Well... to continue with looking back on the year(s)

Two people made a sudden entrance into my life when I was about fourteen or so. Moved into 'da block', freshly married, and beautiful.

I fell instantly 'in-love', they were so beautiful. Especially with the wife at first. Tall, elegant, kind, and so very funny.... and from another world, hey, NEW YAWK. She turned heads, and I was so silly... I'd have done cartwheels if only to get a moment's attention. He was my cousin, very tall, austere, and also very nice, and turned out to have an immense amount of patience, because, oh wow, I was 'in-love'. And absolutely pathetic, couldn't hide it, it hit me with the power of a thousand suns.

So I was 'the PEST'. I couldn't get enough of them, I was so infatuated. And was horrible. Growing up in a drab corporation tenement building, well, there wasn't much glamour to be found, and they were it, and I wanted EVERY moment. I was awful.

He was a cousin of mine. And for me, she was 'the goddess'. And she soon had a baby, a girl, and I was there from the start of her life, baby-sitting. He'd been in the military, and the job market was so terrible, he had a very rough time, and eventually re-upped.

Just before 'the girl' was born, they utterly surprised me, and took me to visit New Yawk, which was so unimagineable to me, I thought I had died and gone to Hollywood. And made myself even MORE absurd, because I took a mess of clothes for a two day stretch, and changed three times a day---seemingly to their amusement, because I thought people there did that.

We were at her father's house in Queens. They took me into Manhattan for a day I will NEVER forget. They made everything magical. One thing confused me at first. We took the ferry to Staten Island, got off, and they said, 'This way, we're going back.' And I thought, 'Why come here if there's nothing to see?' And then I learned why. We were half-way across, it had gotten dark, and the entire sky-line lit up.

That was Christmas and New Year's all rolled into one, it was so beautiful, and so very thoughtful. Unforgettable. We ate in Chinatown, they chaperoned me through Times Square, and I just gawked. I'll never forget that, and how kind it was.

We had the usual hum-drum life after. Sometimes they did mad-cap things. 'Let's go to New Yawk for a cuppa corfee.' and before I knew it, we were on the way, six hours down, six back. And we had corfee and a chat.
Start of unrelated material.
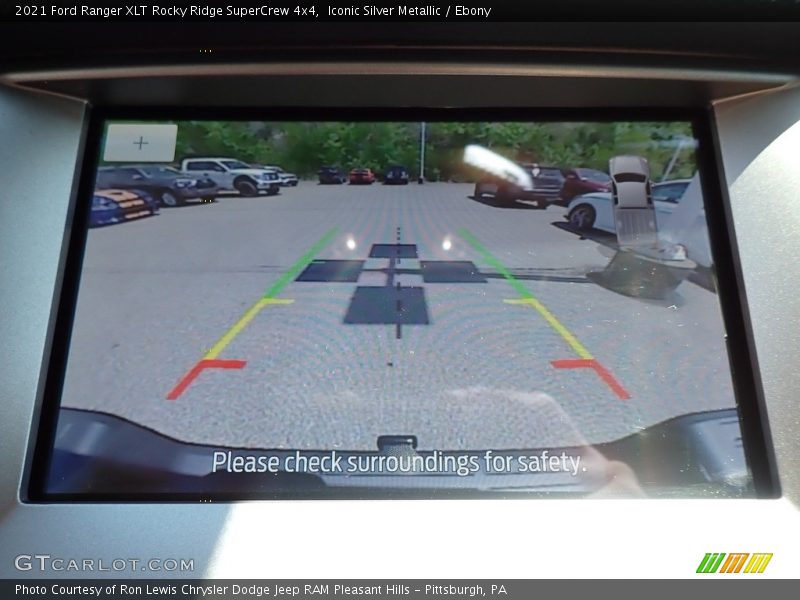 Iconic Silver Metallic / Ebony 2021 Ford Ranger XLT Rocky Ridge SuperCrew 4x4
I took care of their first-borns for the first five years, till they moved away to a village near the coast. I was there for visits a few times. It was beautiful.... but when I watch Desperate Housewives, that road sort of superimposes itself on me, and makes me laugh.

We've remained in contact over many decades. And they visited. Often. So it was my turn, and I tried to return that wonderful gift they gave me. To make up for all the peskiness that was my young self. And give them some joy. And show them some awesome things in my new world. I think I half-succeeded....

What they taught me? She taught me snark, but I was already a bit of that even in young. She also taught me that you can take it only so far. He taught me the value of patience, and following orders. (I refer to the dread clamming incident... he told me to stay put, and I followed where he was going.... and ended up knee-deep in a bog, and it took three people to pull me out. Thinking, 'Oh shit, now I know what quicksand must be like.' Another embarassing adolescent idiocy...)

They weren't perfect, no one ever is. But came damned near to it. Like shooting stars zooming across one's horizon, and me catching the tail and basking in the glow for just a short while. The glow braked the fall, and remained in the heart. Good people.

They help and form you without you knowing they are doing it.

That's more valuable than diamonds, or precious stones, or anything.

So much for looking back on the year. People of influence, hey.